> **TASK DETAILS**: Print, word for word, the line containing "Placa Luminosa de Neon Led Esqueleto 33x23cm" and all lines beneath it to the end of the entries below. Pictures do not belong in the copy.

> **RECORDS**:

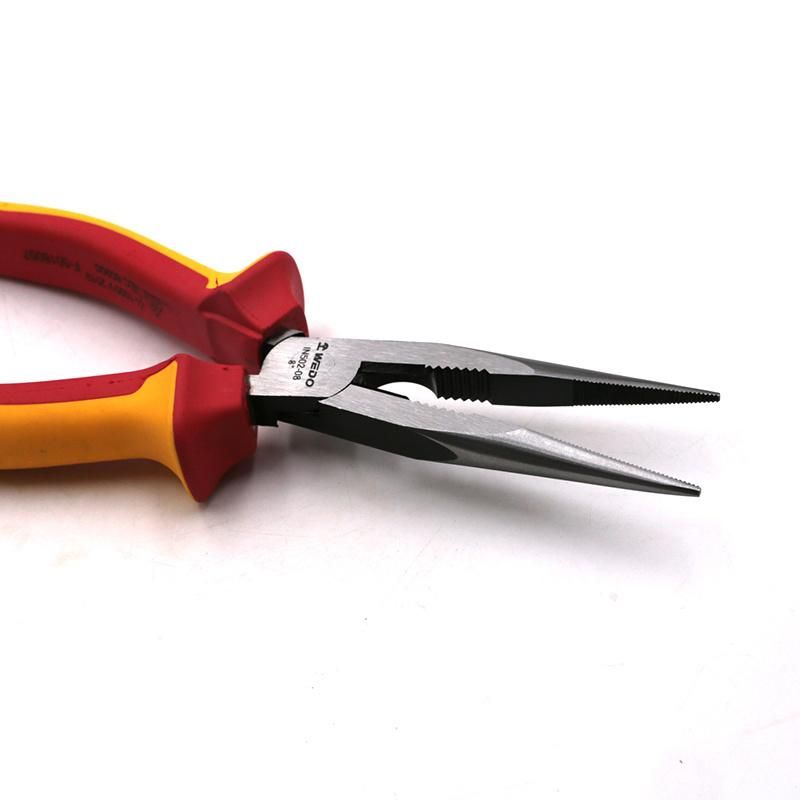 WEDO 6" 8"Insulated Pliers VDE 1000V Snipe Nose Pliers Chrome Vanadium Steel Anti-Slip Handle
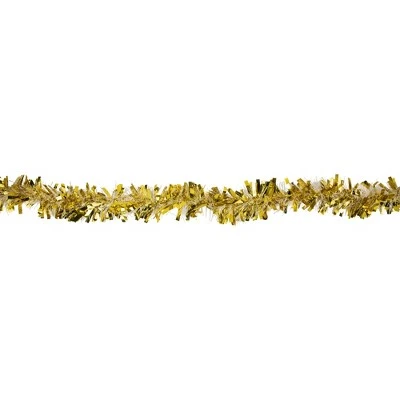 Northlight 50' x 4' Gold and Snowblush Wide Cut Tinsel Christmas Garland - Unlit 5 Northlight 50' x 4' Gold and Snowblush Wide Cut Tinsel Christmas Garland - Unlit - Image 3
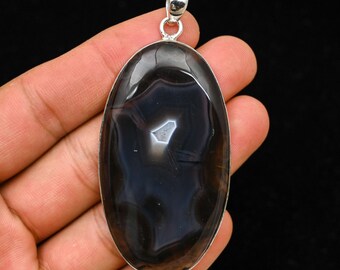 Montana Agate Sterling Silver Necklace: Natural Gemstone Pendant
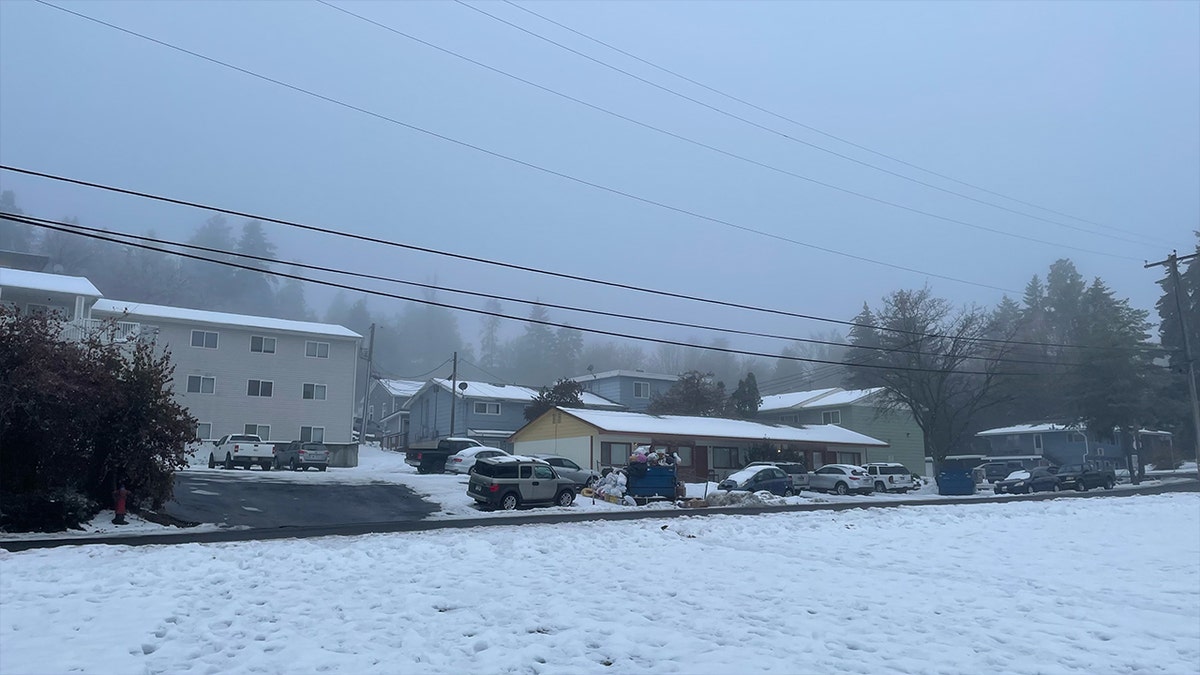 Snowy street, parked cars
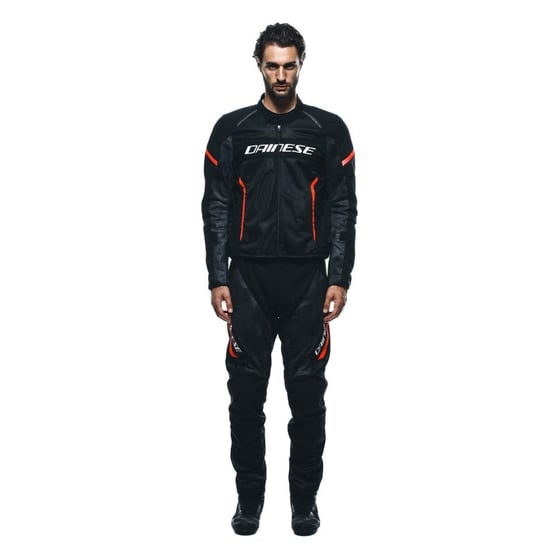 Dainese Drake 2 Super Air Black Ant Red Fluo Tekstil Pantolon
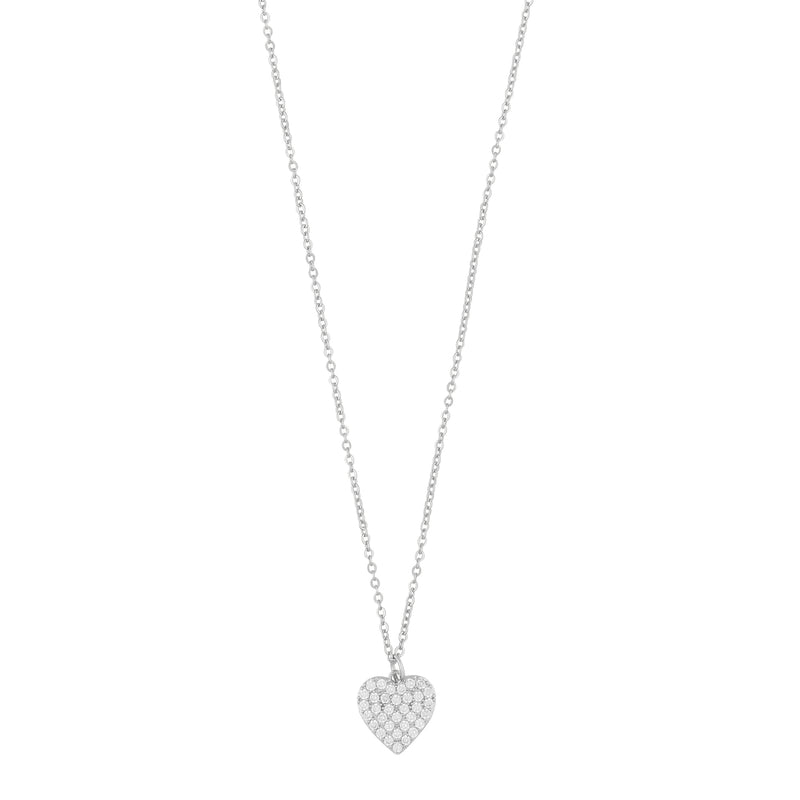 North Heart Pendant Necklace | Silver Plated with Cubic Zirconia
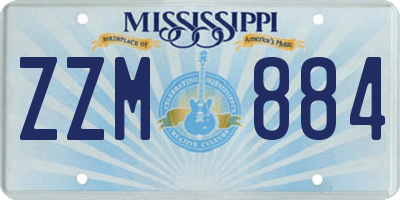 MS license plate ZZM884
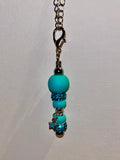 Turquoise Bead Cup Charm w/Turquoise Rhinestone Accents & Enamel Star Charm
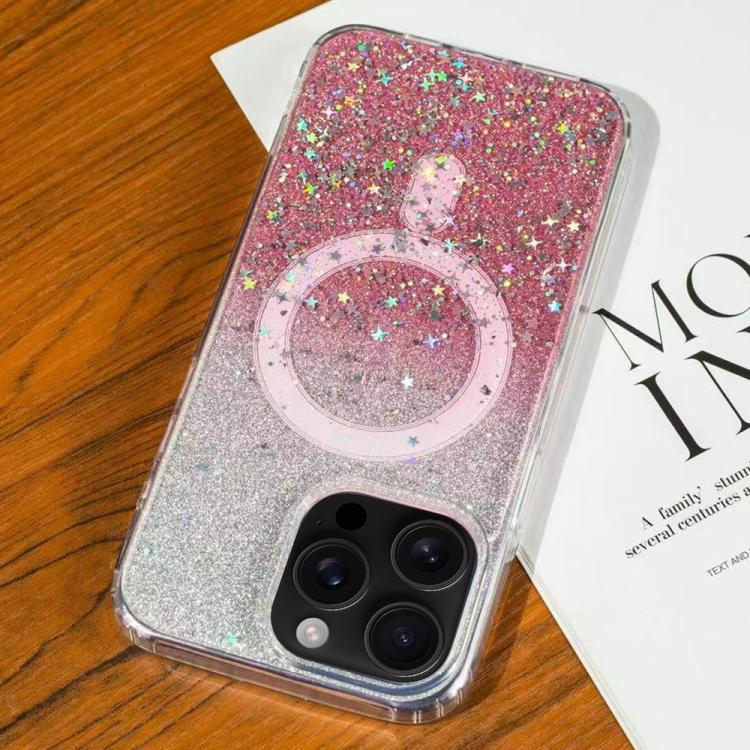 Funda MagSafe con purpurina y estrellas para iPhone 16 Pro Max (rosa degradado)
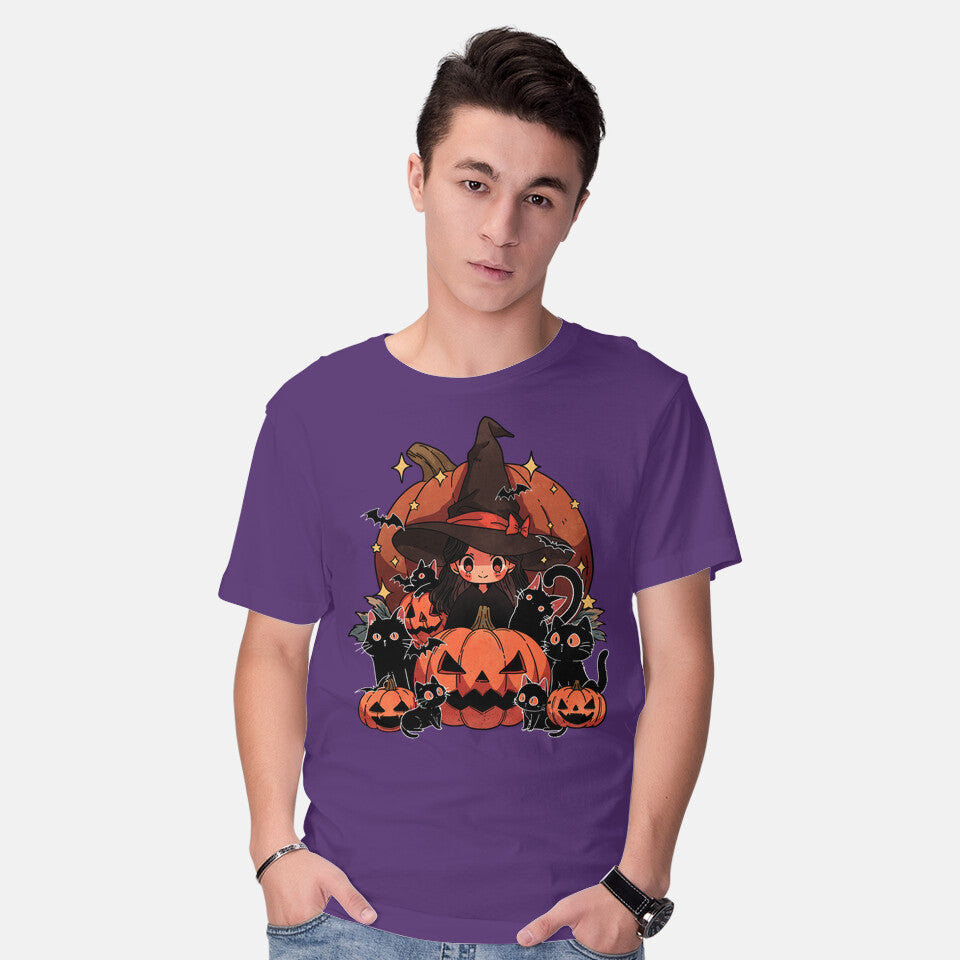 Model wearing purple Spellbound Kitties – Cat Graphic T-Shirt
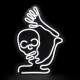 Placa Luminosa de Neon Led Esqueleto 33x23cm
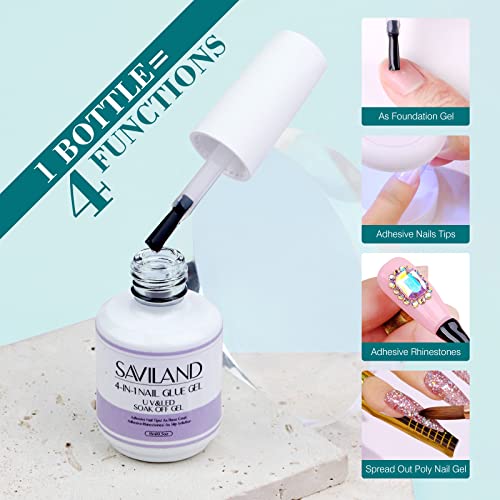 SAVILAND Gel Nail Kit with Curing Lamp: 500 pcs Stiletto Nail Tips 4 In 1 Glue Gels with Medium Stiletto Gel Nails Tip and Curing Lamp Acrylic Nails Art DIY Manicure Home Salon Gift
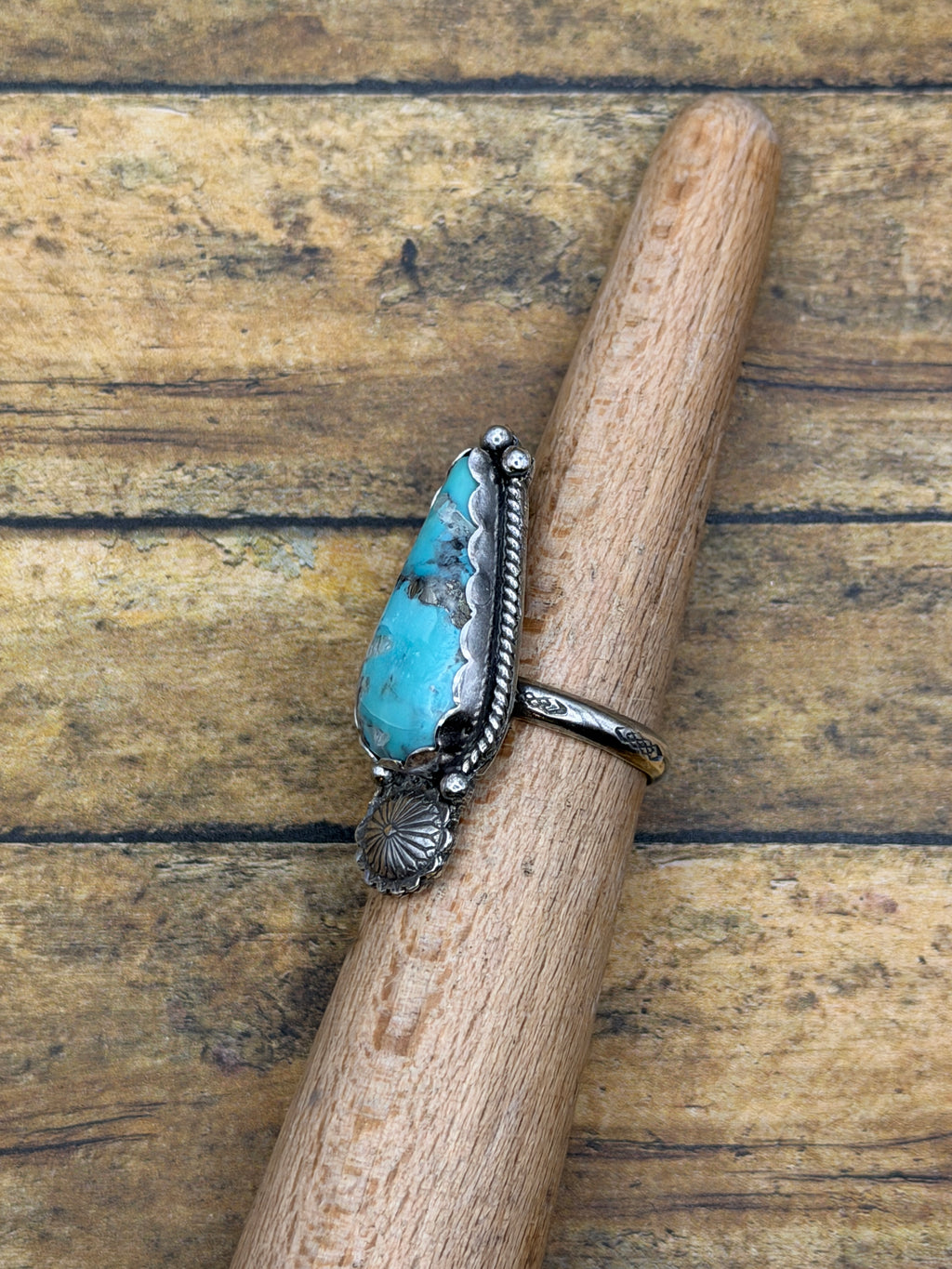 Beverly-Turquoise Teardrop Statement Ring with Concho Detail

> **EXPECTED OUTPUT**:
 Placa Luminosa de Neon Led Esqueleto 33x23cm
 SAVILAND Gel Nail Kit with Curing Lamp: 500 pcs Stiletto Nail Tips 4 In 1 Glue Gels with Medium Stiletto Gel Nails Tip and Curing Lamp Acrylic Nails Art DIY Manicure Home Salon Gift
 Beverly-Turquoise Teardrop Statement Ring with Concho Detail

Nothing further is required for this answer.